Rhiannon Druce, General Manager of Junee Licorice & Chocolate Factory, says she has been trying to find out from Australia Post if chocolate is included in the ban, “to no avail”.
“Online sales have skyrocketed since COVID, and we’re based in an isolated regional town, so we rely heavily on Australia Post to deliver our online sales to our customers,” she says.
“Regional businesses will suffer the most from this decision as there is often no alternative to Australia Post, as it will pick up and deliver from anywhere in the country.
“We understand the change in guidelines for products that cause health risks if delayed in transit, however, chocolate isn’t one of those. There is no clarity around the definition of perishable goods and there needs to be as soon as possible.”
Junee Licorice and Chocolate Factory just had its biggest Easter on record as Australians, including many corporate businesses, “shopped local” in a bid to help boost local business. The company sent thousands of parcels and packages across Australia.
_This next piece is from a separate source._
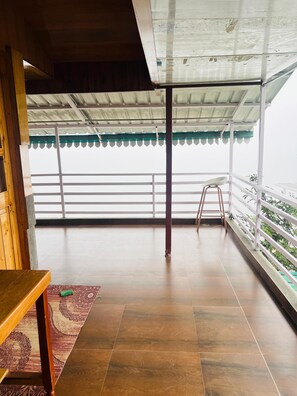 Bed sheets - Snooze Cottage (Dhari)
“This could ruin online sales for us,” Druce says. “Chocolate has a longer shelf life than some perishables. We need more clarification on the ban, and an alternative for postage.”
Seeking another solution
Issa says that rather than a blanket ban, Australia Post should be innovating by putting refrigerated trucks on the road. He also believes that the way the taxpayer-owned company has gone about this decision is “not how you do business”.
“The way you do business is you make sure that you’re doing it right,” he says. “You make sure that the people involved are consulted, and you make sure you give adequate time to be able to let them get their books in order. Give us time to explore other alternatives.”
Cheese Therapy has its own refrigerated home delivery service, but has also relied on Australia Post for more than five years to deliver to rural and regional areas, including remote cattle stations and Nhulunbuy in the Northern Territory. In the past 12 months, 55,000 hampers have been safely sent around Australia.
“We spent hundreds of thousands of dollars designing and developing a special insulation pack to ensure our cheeses remained cool for up to a week and were shipped with best practices through Australia Post,” Penny says.
In 2020, Cheese Therapy injected an incredible $2 million into rural communities by supporting local cheese manufacturers adversely affected by the bushfires and COVID-19. The company has also recently expanded to support Australian coffee farmers in the Byron Bay and Mareeba regions, as well as boutique winemakers.
“Stopping deliveries of perishable goods and hurting our farmers is not the answer,” Penny says. “We invite Australia Post to work with us to find a solution.”